Edward D. Porter of the American Petroleum Institute argues that we are not running out of oil. Proven oil reserves worldwide, he says, are at an all-time high. In the past, predictions of the industry's demise have all been wrong. He believes that if only the federal government would let wildcatters go where they are now banned--like the Arctic refuge and coastal California, Oregon, Washington and British Columbia--we could avoid oil shortages. "In the United States, federal constraints on land use have placed many of the most promising domestic exploration targets off limits, and even rendered significant numbers of existing offshore leases undevelopable."
You can sure that the oil industry is spinning this line to Congress. It spends tens of millions of dollars on lobbying and campaign contributions. That is why precarious projects like Northstar get built, why the industry can continue planning to drill in places like the Arctic National Wildlife Refuge, and why a midair collision with global warming looks inevitable.
But the "constraints" the industry complains about are an illusion. Oil companies are looking very hard for new big oil fields. They aren't finding them. Over the last 10 years, the top 10 companies spent $260 billion on exploration, according to an industry report. For this money they were able to increase production by less than 1 percent--a poor return on any investment. Tens of thousands of workers have lost their jobs. Companies are merging: Exxon joined Mobil in 1999, and BP wed Amoco in 1998. Now BP-Amoco wants to buy ARCO.

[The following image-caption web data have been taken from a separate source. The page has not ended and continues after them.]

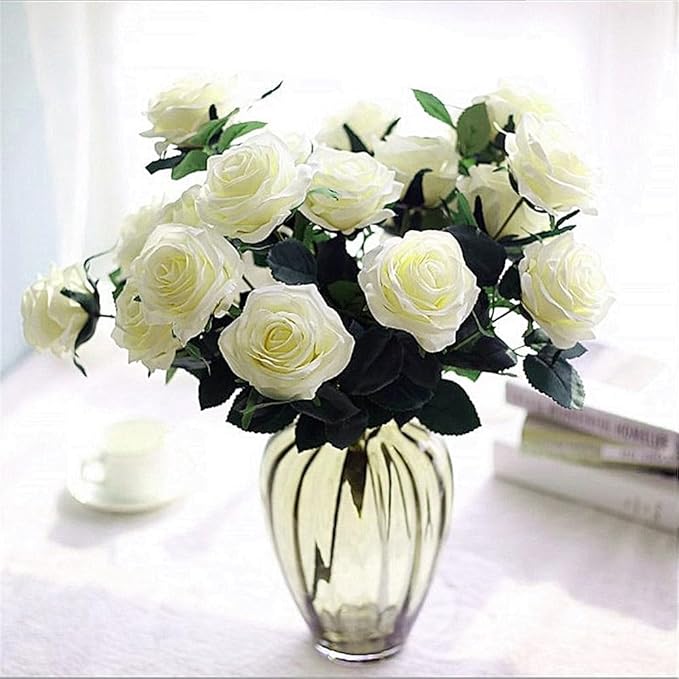 Jasion Artificial Roses 10 Heads 2.8" Flowers Arrangement Silk Bouquet for Home Office Parties Bridal Wedding Decoration (White)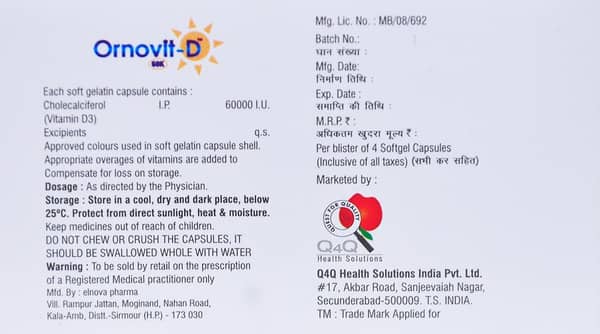 Ornovit D 60k Strip Of 4 Capsules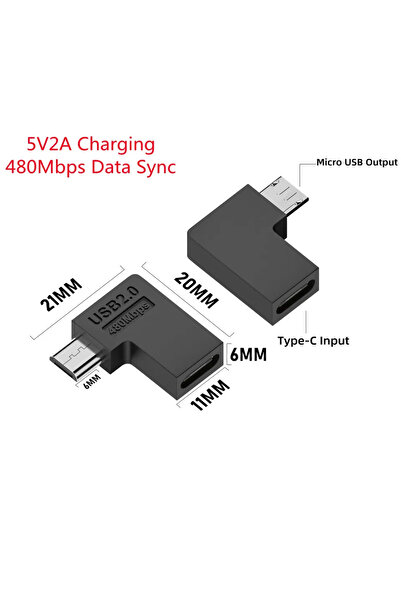 BSN 1pcs Left USB 2.0 Type-C Female to Micro-USB Male 90 Degree Left/Right Angle U Shape 5V2A Charging C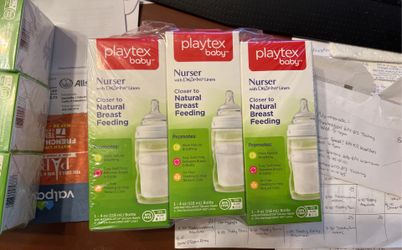 Playtex Nurser Bottles New In Box, 6 Total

Having depleted so much of the oil already, the industry now wants more than access to pristine lands. It is also asking for sympathy--and some corporate welfare disguised as new tax credits and loan guarantees. "We need the understanding of the Congress and the Administration of the value we provide to the nation," Steve Lash, CEO of Equilon Inc., told a Senate hearing in 1999. "We need the nation to recognize that its health is tied to ours. Energy is the lifeblood of our economy. Oil is the pivotal fuel. Domestic oil production safeguards our national security. It is a resource that must be preserved."
But Melanie Duchin of Green-peace says the transition to new energy sources must begin now. "We want to change BP into British Solar. That's what their rhetoric says they are."